> Instructions to follow: Your task is to output the listing word for word, with pictures excluded.

> The data:
----

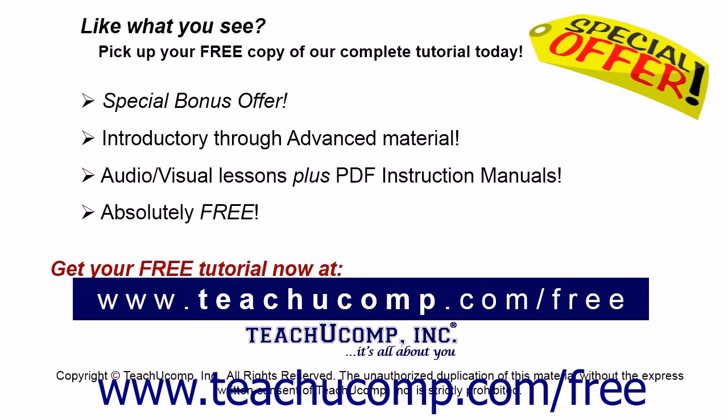Like what you see? Pick up your free copy of the complete tutorial at www.teachucomp.com/free.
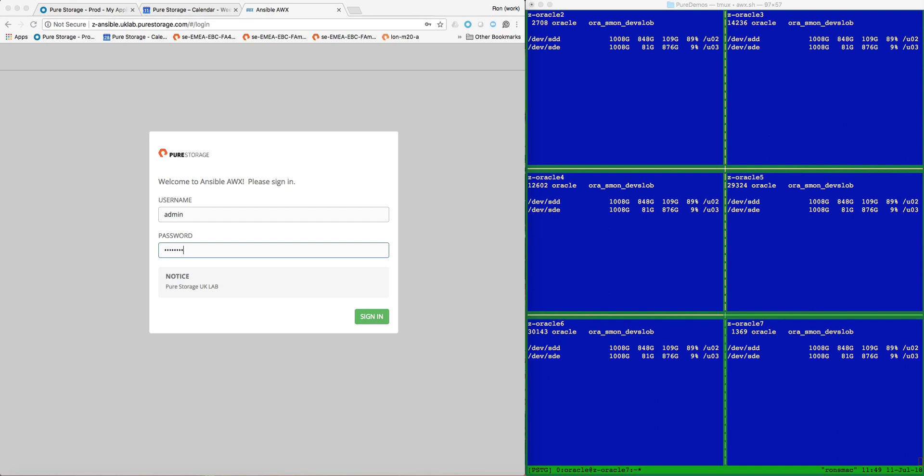In this demonstration, I will show how Ansible can be used to refresh multiple non-production Oracle databases from production in only a few minutes. My Ansible playbook utilizes standard Linux and Pure Storage Ansible modules to automate the entire end-to-end database cloning process.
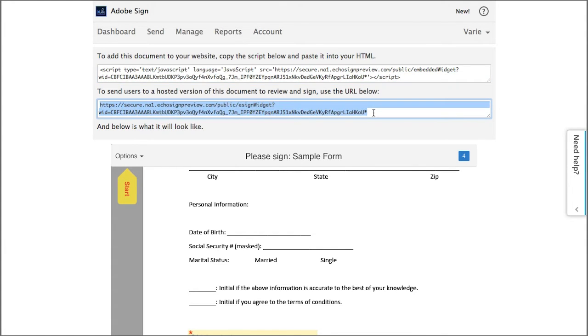Or we can copy this code here and then share this with any recipient via email, for example, and then they can complete and sign the form online.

----

> Expected answer:
Like what you see? Pick up your free copy of the complete tutorial at www.teachucomp.com/free.
In this demonstration, I will show how Ansible can be used to refresh multiple non-production Oracle databases from production in only a few minutes. My Ansible playbook utilizes standard Linux and Pure Storage Ansible modules to automate the entire end-to-end database cloning process.
Or we can copy this code here and then share this with any recipient via email, for example, and then they can complete and sign the form online.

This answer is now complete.